**What you need to do:**
Transcribe, starting at the line with "Hey everybody, I'm" and ending at the line with "It's time for", every line of the material below exactly, but leave out the pictures and anything outside that span.

**Extracted material:**
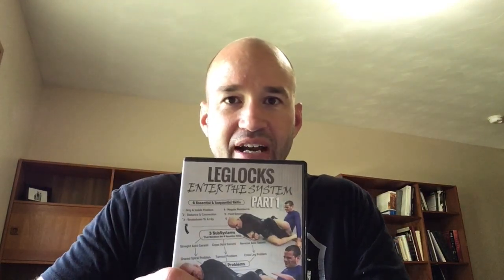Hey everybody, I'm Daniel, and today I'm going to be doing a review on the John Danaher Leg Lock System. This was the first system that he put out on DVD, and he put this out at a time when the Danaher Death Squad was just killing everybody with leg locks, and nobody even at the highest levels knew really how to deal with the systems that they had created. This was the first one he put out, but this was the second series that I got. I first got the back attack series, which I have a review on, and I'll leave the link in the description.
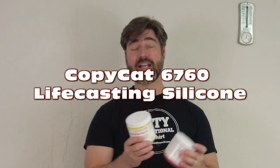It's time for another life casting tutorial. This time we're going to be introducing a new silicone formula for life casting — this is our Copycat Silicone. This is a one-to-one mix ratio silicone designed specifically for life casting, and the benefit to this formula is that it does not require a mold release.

* * *

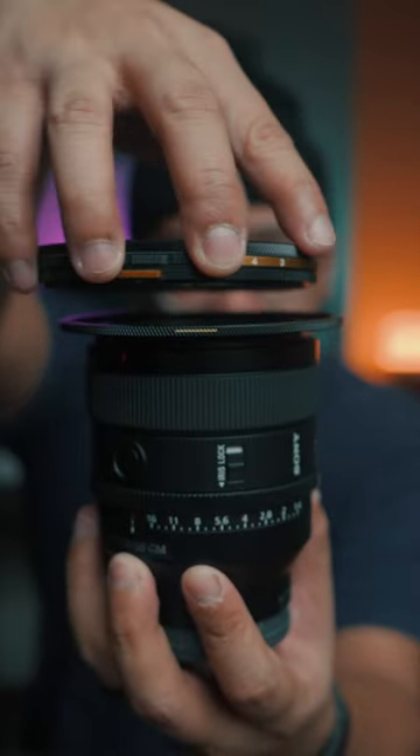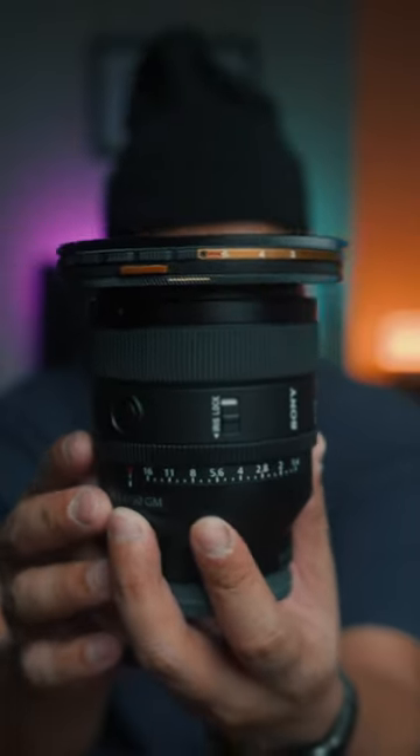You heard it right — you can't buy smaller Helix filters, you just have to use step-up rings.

**Written response:**
Hey everybody, I'm Daniel, and today I'm going to be doing a review on the John Danaher Leg Lock System. This was the first system that he put out on DVD, and he put this out at a time when the Danaher Death Squad was just killing everybody with leg locks, and nobody even at the highest levels knew really how to deal with the systems that they had created. This was the first one he put out, but this was the second series that I got. I first got the back attack series, which I have a review on, and I'll leave the link in the description.
It's time for another life casting tutorial. This time we're going to be introducing a new silicone formula for life casting — this is our Copycat Silicone. This is a one-to-one mix ratio silicone designed specifically for life casting, and the benefit to this formula is that it does not require a mold release.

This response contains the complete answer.